Few people know that a nominal Illinois Farmers' Hall of Fame exists at the University. Except for elaborately engraved invitations to dedication exercises, some newspaper notices, a few letters preserved in the archives, and old identification labels on some of the portraits, little of its recorded history is left. Meant to be "one of the chief attractions and influences of the institution," the pictures no longer even hang together, as once they did in a fourth-floor hallway of Mumford Hall.
The project began on October 6, 1909, when a group of prominent agriculturalists set themselves up as an informal commission to select candidates for admittance to an Illinois Farmers' Hall of Fame. Their stated purpose was not only "to give historical permanence and value to the labors of these great leaders, but by examples and instance to stimulate endeavors on the part of the younger men in order that this development so gloriously begun may proceed to its highest achievement."

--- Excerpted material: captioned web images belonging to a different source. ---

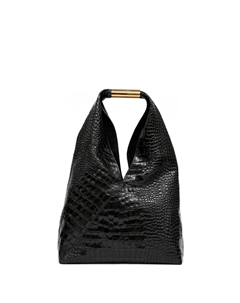 Сумка на плечо с тиснением под кожу крокодила, черный Mm6 maison margiela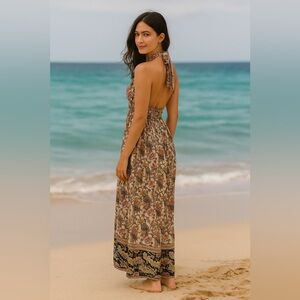 Floral Halter Neck Maxi Dress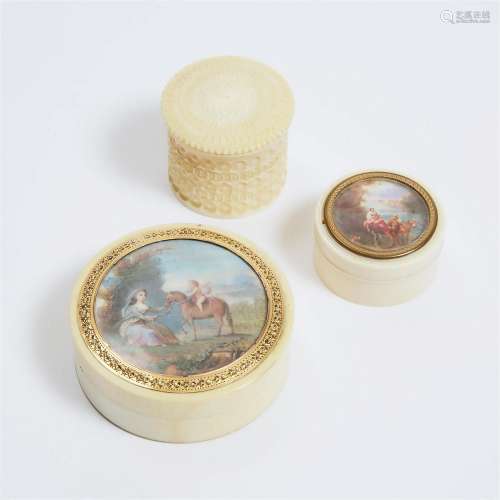 Two Italian Ivory Miniature Pictorial Boxes, 19th/early 20t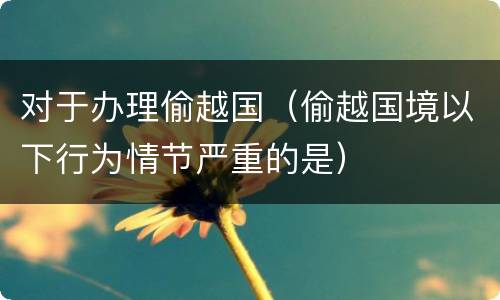 对于办理偷越国（偷越国境以下行为情节严重的是）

Deciding promptly that the first name to be honored would be that of Cyrus Hall McCormick, the inventor of the reaper, they acquired his likeness and hung it that December. The other seven arrived in fairly regular succession until the dedication in 1917 of the last one, the portrait of Frank H. Hall, for many years an important figure in the Illinois Farmers' Institute. When in 1923 university trustees vetoed a proposal to have the university preserve ''by portraits, the faces of men who have had by conspicuous achievement rendered valuable service to agriculture," the Illinois Farm.ers' Hall of Fame project (and the agriculturalists' commission) came to an end.

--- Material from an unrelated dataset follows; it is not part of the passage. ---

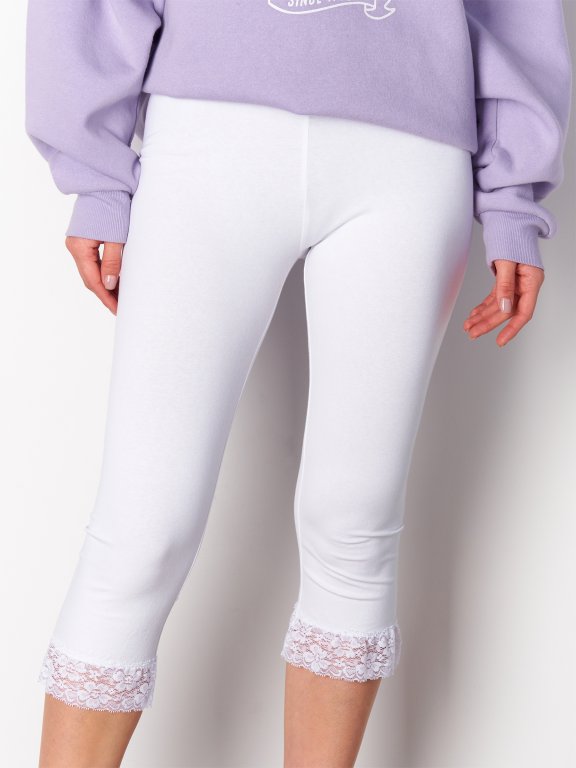 3/4 leg cotton leggings with lace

Edward J. Finley Timmons, a Chicagoan, adapted Lawton Parker's painting of Philip D. Armour for the commission. Newton Alonzo Wells, creator of the Altgeld Hall murals, depicted Benjamin F. Harris. Oliver D. Grover did the one of Frank H. Hall. The famous Chicago artist Ralph Clarkson portrayed William Parlin, but the painting disappeared with the move to the library. Unknown artists rendered three others: McCormick, Isaac Funk, and James N. Brown. The likeness of Jonathan B. Turner is not a painting but an enlarged photograph of an 1853 daguerreotype.